- **Brief**
Beneath this task are records; print exactly the stretch of them from the line with "Kolosseum (Kolosseum) - Flavischen" through the line with "My Daughter Brought", both ends included.

- **Task input**

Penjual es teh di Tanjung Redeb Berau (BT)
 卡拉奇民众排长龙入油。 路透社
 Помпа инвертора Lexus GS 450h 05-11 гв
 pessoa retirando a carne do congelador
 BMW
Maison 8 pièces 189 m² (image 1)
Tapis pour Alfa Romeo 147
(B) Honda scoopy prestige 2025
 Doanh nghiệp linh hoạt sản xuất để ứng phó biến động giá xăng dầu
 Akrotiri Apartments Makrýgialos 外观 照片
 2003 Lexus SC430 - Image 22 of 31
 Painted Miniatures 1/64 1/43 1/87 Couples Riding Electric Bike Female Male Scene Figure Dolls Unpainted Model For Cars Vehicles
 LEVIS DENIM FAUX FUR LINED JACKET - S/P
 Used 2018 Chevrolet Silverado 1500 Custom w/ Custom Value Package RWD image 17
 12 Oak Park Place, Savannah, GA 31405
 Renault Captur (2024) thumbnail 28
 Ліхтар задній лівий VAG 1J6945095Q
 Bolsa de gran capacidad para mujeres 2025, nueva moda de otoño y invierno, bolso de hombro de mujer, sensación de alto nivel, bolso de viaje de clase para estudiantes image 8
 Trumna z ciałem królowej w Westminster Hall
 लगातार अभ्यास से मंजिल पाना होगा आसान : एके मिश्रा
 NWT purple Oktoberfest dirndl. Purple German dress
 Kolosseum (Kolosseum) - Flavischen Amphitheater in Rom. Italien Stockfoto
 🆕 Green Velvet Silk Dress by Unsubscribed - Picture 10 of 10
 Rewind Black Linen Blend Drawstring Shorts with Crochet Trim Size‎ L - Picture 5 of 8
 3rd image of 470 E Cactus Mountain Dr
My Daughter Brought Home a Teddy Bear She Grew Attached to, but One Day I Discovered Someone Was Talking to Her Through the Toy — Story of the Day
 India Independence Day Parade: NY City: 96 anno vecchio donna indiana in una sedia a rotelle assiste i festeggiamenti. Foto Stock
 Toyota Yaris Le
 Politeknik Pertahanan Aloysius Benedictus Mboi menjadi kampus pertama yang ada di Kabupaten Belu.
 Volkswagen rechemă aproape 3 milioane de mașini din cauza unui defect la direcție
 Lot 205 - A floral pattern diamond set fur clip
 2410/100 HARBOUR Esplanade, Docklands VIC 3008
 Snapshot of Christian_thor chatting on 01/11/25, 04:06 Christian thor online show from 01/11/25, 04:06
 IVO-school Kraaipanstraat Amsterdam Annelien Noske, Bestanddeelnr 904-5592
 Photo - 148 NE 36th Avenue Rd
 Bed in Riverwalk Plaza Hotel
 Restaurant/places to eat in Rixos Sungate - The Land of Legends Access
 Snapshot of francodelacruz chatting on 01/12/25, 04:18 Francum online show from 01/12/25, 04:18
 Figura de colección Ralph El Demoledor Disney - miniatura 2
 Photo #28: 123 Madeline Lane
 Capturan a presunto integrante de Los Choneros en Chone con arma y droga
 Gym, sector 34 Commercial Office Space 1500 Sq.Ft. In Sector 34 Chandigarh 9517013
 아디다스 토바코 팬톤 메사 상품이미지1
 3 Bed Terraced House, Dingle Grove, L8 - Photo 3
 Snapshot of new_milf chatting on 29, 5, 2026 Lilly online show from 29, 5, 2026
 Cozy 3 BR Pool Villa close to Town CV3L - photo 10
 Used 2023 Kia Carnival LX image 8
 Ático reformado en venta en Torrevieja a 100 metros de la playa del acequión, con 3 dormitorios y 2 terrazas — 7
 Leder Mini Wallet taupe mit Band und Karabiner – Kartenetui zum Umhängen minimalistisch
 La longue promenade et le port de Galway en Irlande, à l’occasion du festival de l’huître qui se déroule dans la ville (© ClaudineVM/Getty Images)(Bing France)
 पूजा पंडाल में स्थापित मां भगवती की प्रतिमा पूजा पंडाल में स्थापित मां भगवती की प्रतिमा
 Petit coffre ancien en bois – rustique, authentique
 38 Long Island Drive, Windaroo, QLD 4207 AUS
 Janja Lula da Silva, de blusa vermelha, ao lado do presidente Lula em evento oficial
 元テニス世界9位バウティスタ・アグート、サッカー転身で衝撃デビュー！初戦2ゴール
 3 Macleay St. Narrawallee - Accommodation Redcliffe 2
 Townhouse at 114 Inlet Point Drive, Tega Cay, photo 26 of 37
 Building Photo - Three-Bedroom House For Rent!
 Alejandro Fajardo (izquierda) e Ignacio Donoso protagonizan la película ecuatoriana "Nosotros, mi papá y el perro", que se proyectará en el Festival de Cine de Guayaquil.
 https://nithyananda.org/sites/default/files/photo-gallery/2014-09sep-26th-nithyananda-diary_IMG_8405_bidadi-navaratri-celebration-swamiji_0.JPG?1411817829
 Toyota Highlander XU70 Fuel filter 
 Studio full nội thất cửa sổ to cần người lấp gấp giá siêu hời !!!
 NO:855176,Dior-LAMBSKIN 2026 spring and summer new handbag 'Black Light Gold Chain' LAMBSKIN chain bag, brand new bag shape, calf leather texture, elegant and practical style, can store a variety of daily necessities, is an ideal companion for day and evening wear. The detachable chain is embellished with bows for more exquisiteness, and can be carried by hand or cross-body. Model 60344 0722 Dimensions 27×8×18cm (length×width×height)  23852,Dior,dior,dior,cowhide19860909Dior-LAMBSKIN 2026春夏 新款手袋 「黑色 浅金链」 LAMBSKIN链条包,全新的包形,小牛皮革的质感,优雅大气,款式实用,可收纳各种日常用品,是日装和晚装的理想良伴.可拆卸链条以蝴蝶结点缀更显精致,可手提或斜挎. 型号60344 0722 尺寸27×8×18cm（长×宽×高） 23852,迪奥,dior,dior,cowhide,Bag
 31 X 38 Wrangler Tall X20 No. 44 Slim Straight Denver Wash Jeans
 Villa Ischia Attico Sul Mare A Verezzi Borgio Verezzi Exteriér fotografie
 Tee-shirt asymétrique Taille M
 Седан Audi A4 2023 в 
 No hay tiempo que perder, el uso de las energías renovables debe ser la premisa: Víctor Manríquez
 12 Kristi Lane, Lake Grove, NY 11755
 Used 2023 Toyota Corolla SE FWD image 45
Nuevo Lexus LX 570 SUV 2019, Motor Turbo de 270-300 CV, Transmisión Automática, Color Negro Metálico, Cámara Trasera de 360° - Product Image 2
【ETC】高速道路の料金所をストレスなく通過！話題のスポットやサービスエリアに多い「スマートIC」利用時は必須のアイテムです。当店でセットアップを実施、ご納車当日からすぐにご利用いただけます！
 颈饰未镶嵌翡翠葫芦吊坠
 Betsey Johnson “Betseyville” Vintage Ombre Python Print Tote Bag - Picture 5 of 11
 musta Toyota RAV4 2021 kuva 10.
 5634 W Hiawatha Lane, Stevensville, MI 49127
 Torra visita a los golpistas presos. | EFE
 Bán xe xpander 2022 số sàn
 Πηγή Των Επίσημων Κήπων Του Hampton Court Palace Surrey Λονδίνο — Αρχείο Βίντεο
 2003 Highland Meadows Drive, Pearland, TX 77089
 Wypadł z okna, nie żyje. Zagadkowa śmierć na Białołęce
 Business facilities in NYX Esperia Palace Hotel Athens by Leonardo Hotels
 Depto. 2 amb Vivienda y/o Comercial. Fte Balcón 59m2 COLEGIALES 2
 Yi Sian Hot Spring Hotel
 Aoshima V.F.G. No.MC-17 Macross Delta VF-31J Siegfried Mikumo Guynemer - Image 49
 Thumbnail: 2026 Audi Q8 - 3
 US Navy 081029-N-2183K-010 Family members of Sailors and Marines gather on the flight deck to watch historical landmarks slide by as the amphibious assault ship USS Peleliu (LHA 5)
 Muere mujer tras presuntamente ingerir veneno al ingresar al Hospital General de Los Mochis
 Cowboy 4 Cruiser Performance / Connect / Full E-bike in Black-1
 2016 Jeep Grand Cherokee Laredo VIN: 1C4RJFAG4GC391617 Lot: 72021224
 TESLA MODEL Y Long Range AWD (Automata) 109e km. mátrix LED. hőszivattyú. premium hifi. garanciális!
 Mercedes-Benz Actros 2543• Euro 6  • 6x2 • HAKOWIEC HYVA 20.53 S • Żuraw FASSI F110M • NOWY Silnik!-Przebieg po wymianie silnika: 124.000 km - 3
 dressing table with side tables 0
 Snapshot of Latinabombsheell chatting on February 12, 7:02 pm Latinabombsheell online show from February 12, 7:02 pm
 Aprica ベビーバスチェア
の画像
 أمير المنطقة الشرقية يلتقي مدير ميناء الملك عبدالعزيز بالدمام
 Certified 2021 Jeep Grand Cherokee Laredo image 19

- **Written response**
 Kolosseum (Kolosseum) - Flavischen Amphitheater in Rom. Italien Stockfoto
 🆕 Green Velvet Silk Dress by Unsubscribed - Picture 10 of 10
 Rewind Black Linen Blend Drawstring Shorts with Crochet Trim Size‎ L - Picture 5 of 8
 3rd image of 470 E Cactus Mountain Dr
My Daughter Brought Home a Teddy Bear She Grew Attached to, but One Day I Discovered Someone Was Talking to Her Through the Toy — Story of the Day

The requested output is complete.